To read Char-by-Char from a file

by Anonymous Monk
Hi Monks How do we read a file character by character without loading it into the memeory. Regards, Sid

    As long as each character has one byte:

    $/ = \1;

    Assigning $/ to a reference to an integer makes it separate input on each $x bytes ($x here being the integer).

    Note: Bytes, not characters.

    Try it out:

    perl -pe 'BEGIN{$/=\1}s/.*/<$&>/' file

    my $read; while ($read = read FILE, $char, 1) { print "got: $char\n"; } die "read error: $!" if not defined $read;

    Note that this reads a character at a time, not a byte; that's not the same thing unless you're using a 7/8-bit encoding. See read for more details.

    Update: in terms of memory, this actually does read more than one byte at a time; but this is normally what you want. Perl performs buffering for you so you don't make many needless system calls. The buffer doesn't endanger your memory. See also sysread for the low-level call.

    If you have an open file handle, see perlfunc:getc, otherwise cog's suggestion is quite elegant (assuming your character-set is not "wide", requiring more than one byte per character).


      Absolutely.

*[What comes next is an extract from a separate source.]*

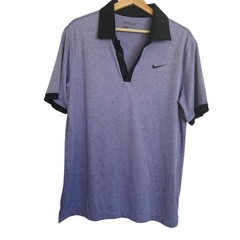 Nike Golf Tour Performance Dri-Fit Heathered Purple Logo Polo Shirt MEDIUM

This has the added benefit to bypass Perl's buffered IO, which is what one really wants if (s)he needs to read a precise amount of data from a "source".

      In addition, if you want to read byte-by-byte instead of char-by-char (which is different due to Unicode support), it's safer to use binmode:

      binmode FILE; sysread(FILE,$buffer,1);

    i wonder what you need that approach for? your question sounds like being a) a fake, or b) senseless.

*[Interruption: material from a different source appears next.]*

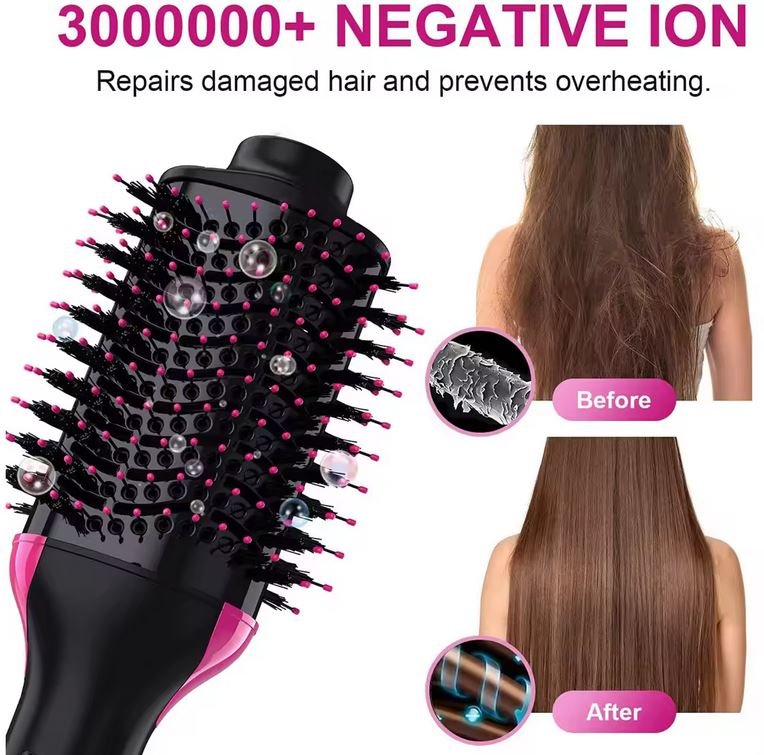 1000W Hair Dryer Brush Hot Air Brush Styler Electric Ion Blow Dryer Brush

      or, c) the pursuit of knowledge, which is never bad.
      who knows, there could easily be a good reason, too. maybe this is the only way to do something he's trying to do. or maybe it's not. if it's a good reason that could be done a different, better way, then maybe that's a mistake the op will have to make by doing it the wrong way first... also not always a bad thing.
      A fake question? Isn't that logically inconsistant? Something is either a question, or not, surely?

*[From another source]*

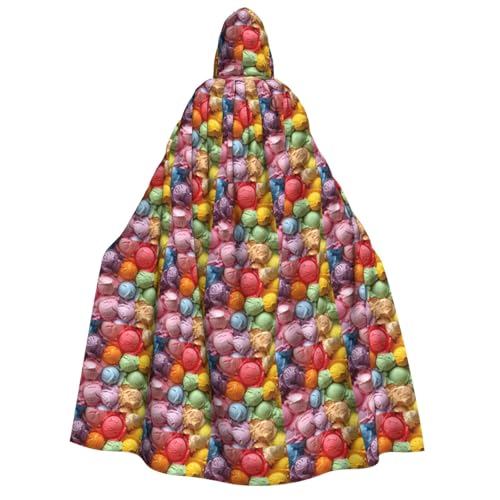 GUOLGP Viele farbige Eiscreme-Aufdrucke für Damen und Herren mit Kapuze für Halloween, Weihnachten, Karneval, Themenpartys von GUOLGP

      my name's not Keith, and I'm not reasonable.
        Something is either a question, or not, surely?

        This is a fake answer.

        Perhaps what he meant by 'fake' was 'misrepresentative' as in the case of homework?

      Or c) correct, because (s)he really wants to read a file (descriptor) char-by-char or byte-by-byte.

      Think about a modem supervising application that waits for some defined input on the line and then hands over to another application chosen upon the seen input so far. Maybe if you read line-by-line you risk to eat too much input.